GROZNY, Russia (Reuters) - A suicide bomber killed four policemen in Chechnya on Tuesday, pressing an Islamist challenge to Russian control of the north Caucasus region a day after a visit by Prime Minister Vladimir Putin.
But in a sign of the widening gulf between Islamist fighters and more moderate Chechen separatists, a rebel leader who styles himself the "Emir of the Caucasus" ordered the murder of Akhmed Zakayev, a rival living in exile in London.
A suicide bomber attacked a group of policemen in the village of Mesker-Yurt, 20 km (12 miles) from Chechnya's capital Grozny, while they waited for their car to be washed, a source in local law enforcement agencies told Reuters.
The attack followed a day after Putin visited Chechnya, showing support for hardline local chief Ramzan Kadyrov and demonstrating Russia's determination to tackle a wave of violence in this mountainous southern border area.
"An unidentified person ran toward them and detonated a bomb," the Prosecutor-General's main investigations unit said in a statement. "As a result of the explosion, four policemen were killed. Another policeman and two civilians were wounded."
What officials said was the bomber's severed head lay beside a detached hand in a pool of blood, flies crawling through its black cropped hair.
A tide of attacks buffeting Dagestan and Ingushetia as well as Chechnya has raised concerns the Kremlin could lose control of swathes of the mainly Muslim North Caucasus. Only months ago it declared the end of an emergency in Chechnya, where Moscow has fought two wars to reestablish its control.
APOSTATE
Rebel Doku Umarov, who has declared himself the head of a north Caucasus "emirate," said in a letter on the www.islamdin.com website that a Sharia court had sentenced rival Zakayev to death for recognizing the authority of Kadyrov -- a man accused by rights groups of tolerating brutal measures in pursuing rebels.
"Public remarks show that he (Zakayev) has fallen away from Islam," the website said, quoting a letter it said it had received from Umarov.
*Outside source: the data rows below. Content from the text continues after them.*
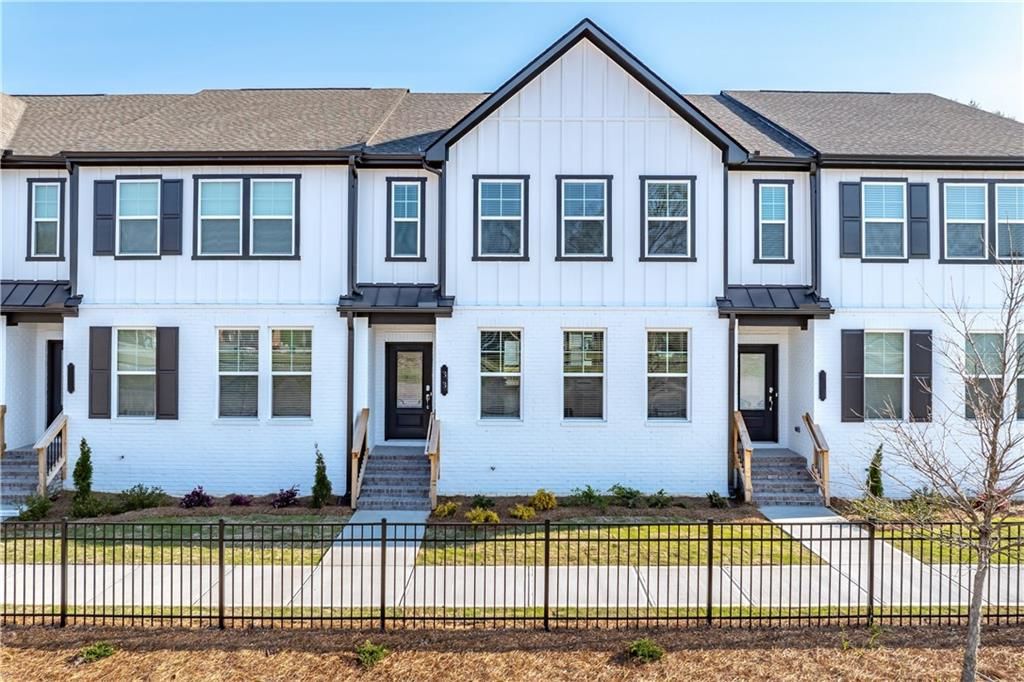 33 Constitution Avenue, Pendergrass, GA 30567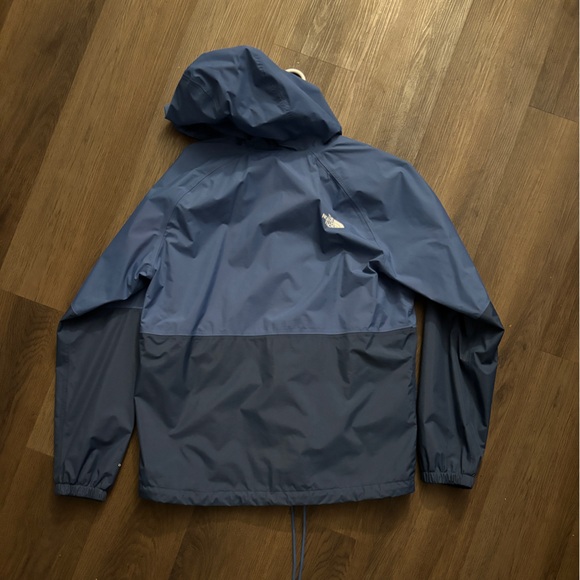 North face rain jacket - Picture 3 of 3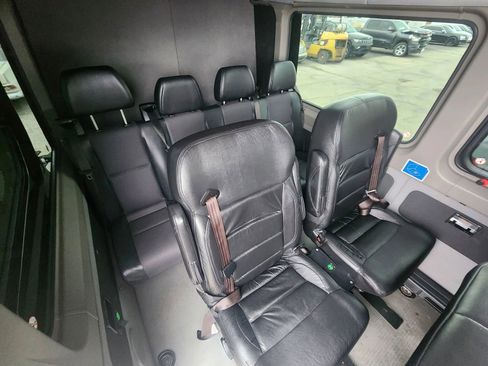 Used 2018 Mercedes-Benz Sprinter 2500 image 5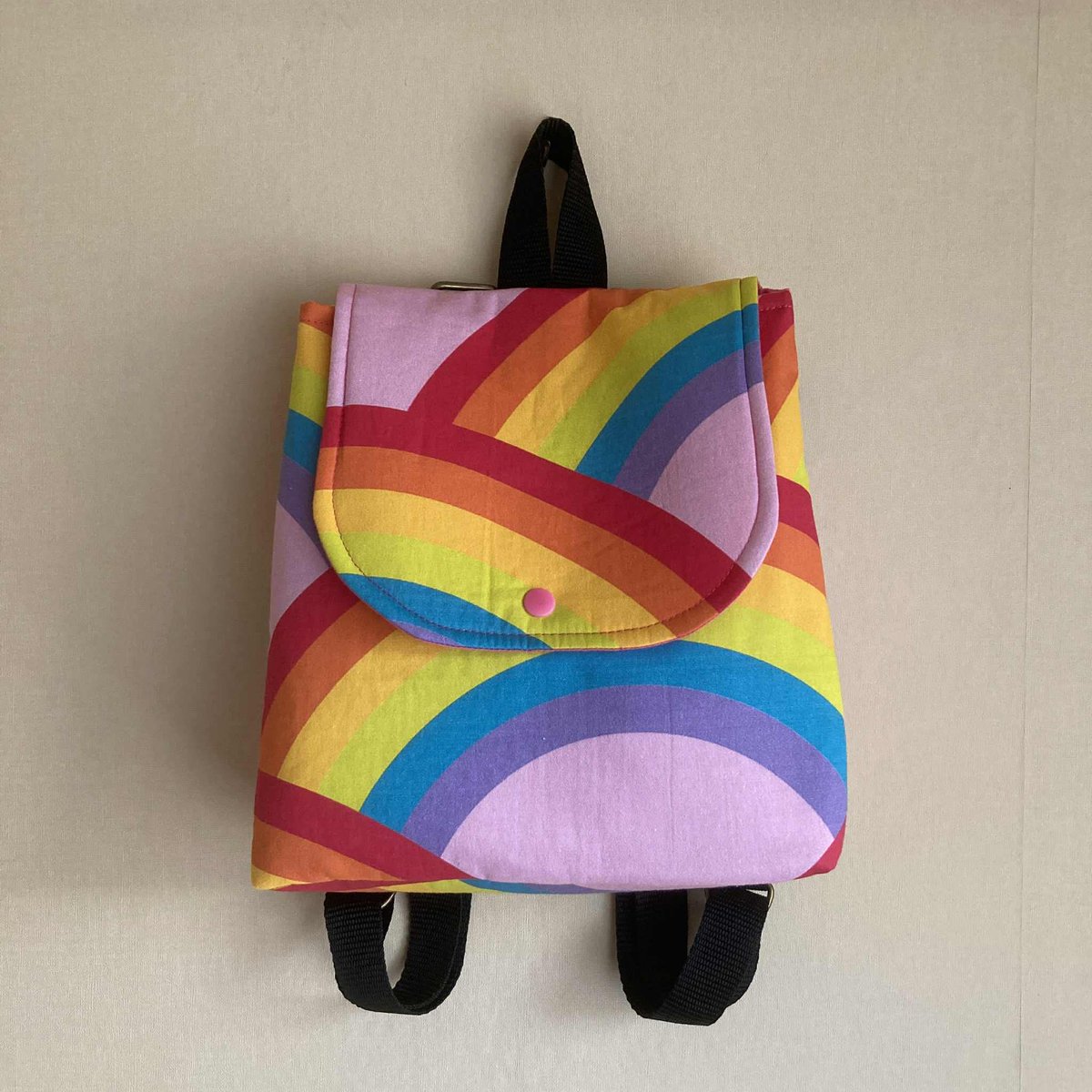 Wilf125's tweet image. #UKMakers 
❤️𝗛𝗮𝗻𝗱𝗺𝗮𝗱𝗲 𝗹𝗶𝗻𝗲𝗱 𝗯𝗮𝗰𝗸𝗽𝗮𝗰𝗸
Great for gifting or keeping! 🎁
Poppers at the side which forms the stylish shape and adjustable straps.
Matching child bags 

£15 plus £4 P&amp;amp;P
numonday.com/shop/loony-lur…
loonylurchereglr.etsy.com

 #giftforher #Backpacking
"The court has ruled that the killing of this apostate is a duty for Muslims," it said, quoting Umarov.
Zakayev represents the more moderate wing of the rebel movement, which came more strongly under Islamist influence after Russia launched its second war in 1999, and has opposed Umarov's calls for attacks on Russian civilian targets.
Zakayev, 50, fought Russia as a senior rebel commander in two wars with Moscow in 1994-2000. After Russia regained control of the province, he fled to Europe and acted as an official rebel envoy until 2007.
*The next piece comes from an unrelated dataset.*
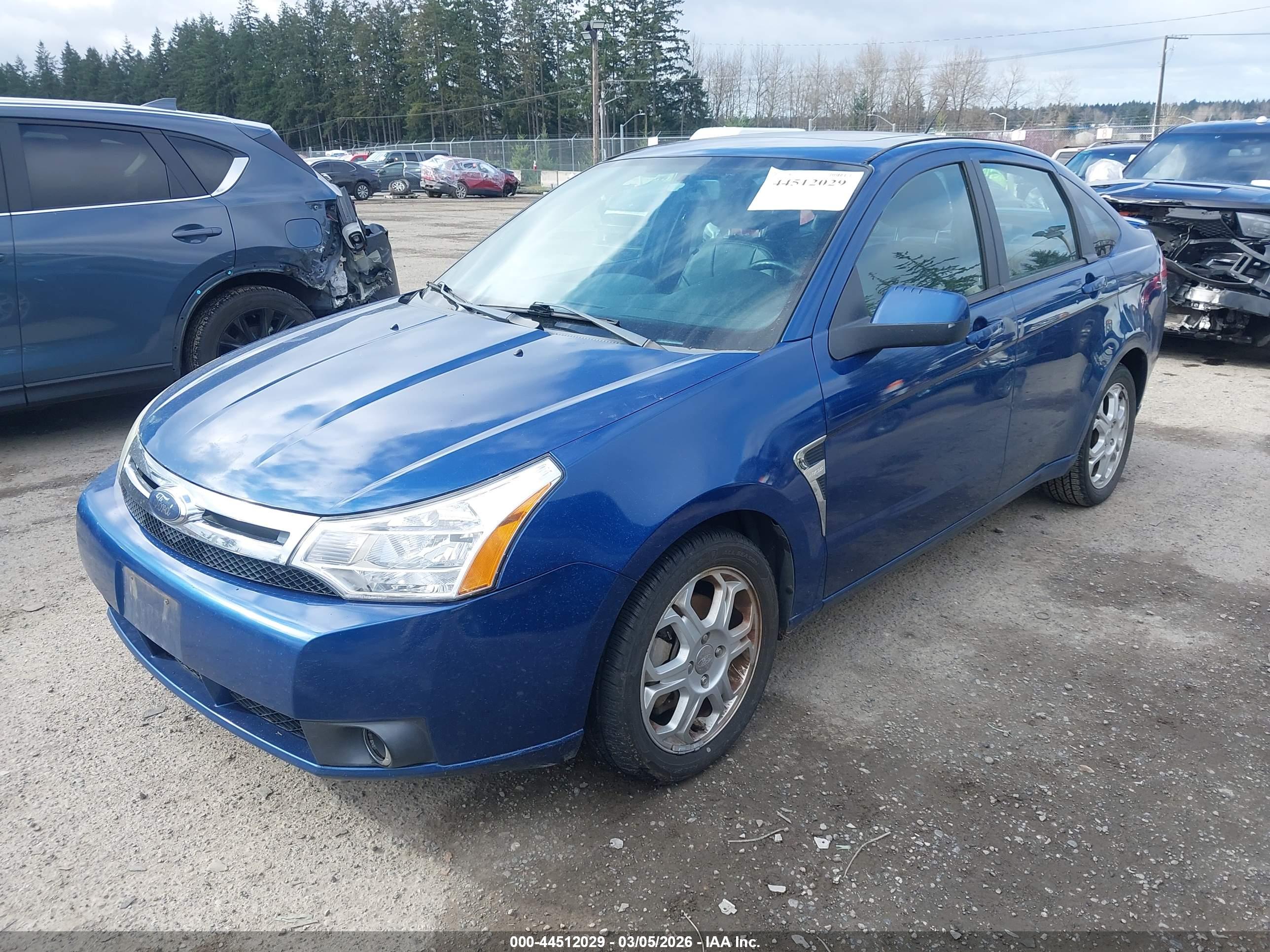 FORD FOCUS image 2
Russia has tried to extradite Zakayev for 13 alleged crimes including kidnapping and murder, but a British court rejected the request in 2003, sparking a diplomatic row.
Kadyrov said last month that he would welcome Zakayev's return and possibly offer him a job in the regional culture ministry. But there were no indications Russia was ready to drop charges against him.